![Picture](/uploads/5/3/1/4/53145165/published/act0141-medium.jpg?1517803900)
Peter JB Carman
February 4, 2018
Mark 1:29-39
I.
In childhood I first remember meeting Dorothy and Douglas, visiting my parents’ home in Massachusetts. Douglas and Dorothy Steere were Quakers, from Haverford College in Pennsylvania. By the time I got there as an eighteen-year-old student, Douglas, a philosophy professor, had been retired for quite some time. But that didn’t stop two students, a sophomore named David Hamilton and me, from seeking him out about doing an independent reading course.
In the spring of 1977, every Saturday morning, we walked to the home of Dorothy and Douglas on the edge of the college campus, and we read together, read whatever Douglas suggested. We read old mystics and we talked about Kierkegaard and world religions and we listened to Douglas reminisce about the meetings he had with bishops and gardeners.

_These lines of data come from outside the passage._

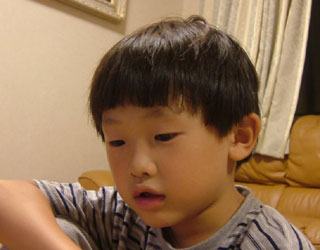 うおっほｗｗｗ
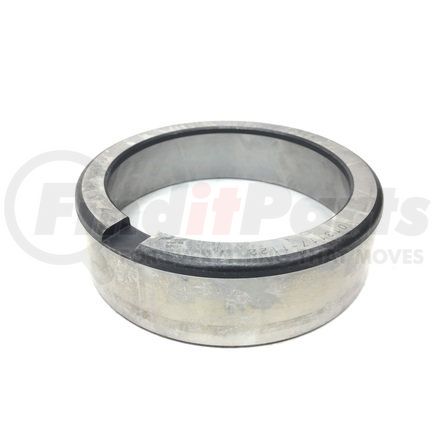 BCA H715313W Trailer Brake Bearing Set Taper Bearing Cup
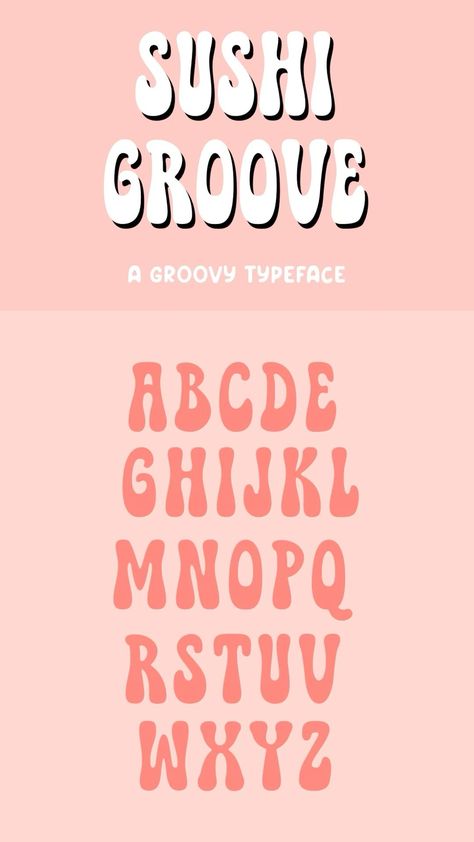 ✅⬆️CLICK THE LINK!!⬆️Looking for a ? Check out this roundup of the best groovy fonts on the web! . #Groovy_Typeface #Font_For_Cricut #Font_Handwriting #Retro_Fonts Groovy Typeface, Bubble Fonts Alphabet Graffiti, Edgy Fonts, Font For Cricut, Bubble Letter Fonts, Fonts Handwriting Alphabet, Font Bubble, Bubble Font, Font Handwriting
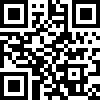 https://mehrnews.com/x3bs4x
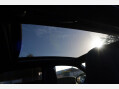 Mitsubishi Asx 2.0 MIVEC Exceed CVT 4WD Euro 6 (s/s) 5dr 32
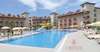 Orfeus Park Hotel 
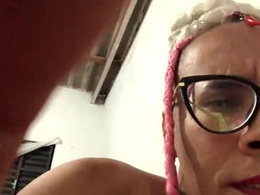 Most Recent Photo of andytvq
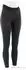 Castelli Espresso 2 Tight Fahrradhose lang (Damen)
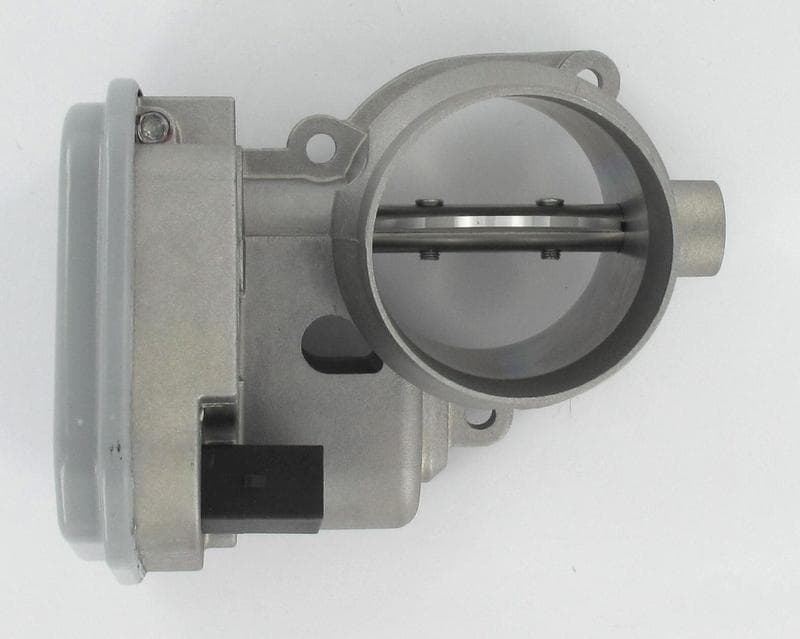 TB3086-3184502.jpg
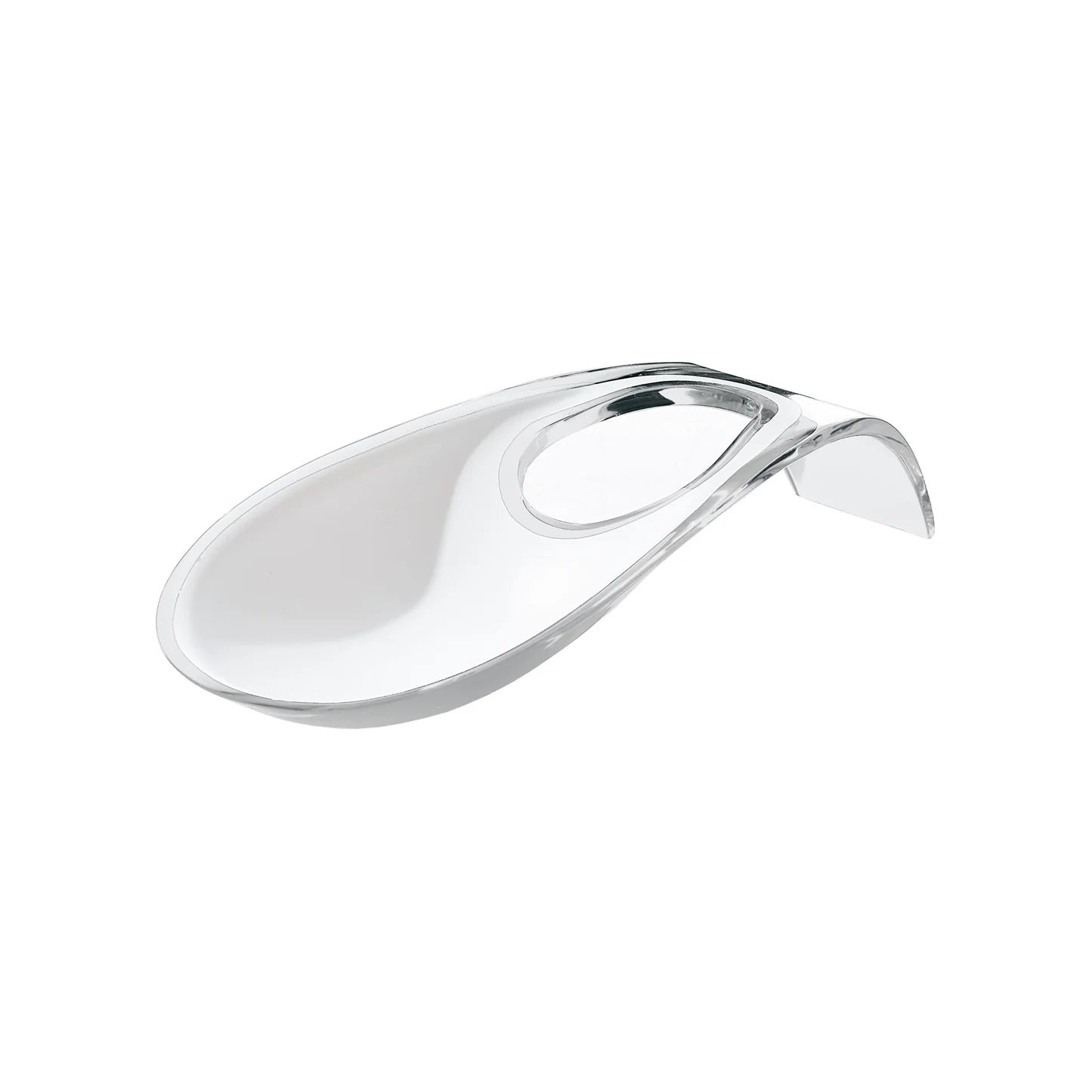 Guzzini Spoon Rest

After a while, Dorothy would walk in, and let us know it was time for breakfast. Then we got to listen to her too, a fine treat. I remember one time over breakfast—we were eating delicious home-made jam. As Douglas reminisced, she interrupted the great man… “Douglas Van Steere, that wasn’t the way it was at all…” and she corrected him at length. Douglas just smiled gently and admitted that she was probably right.
It wasn’t the only time that happened. Dorothy had a sharp memory and an acute love of the truth—and wasn’t intimidated by the credentials of her well-known partner. Douglas’ memory was failing.
Years have flown by! Douglas Steere died in the 1990s, Dorothy, the woman who set him right all the time, died more recently. David, my fellow student, is a federal judge, last I heard.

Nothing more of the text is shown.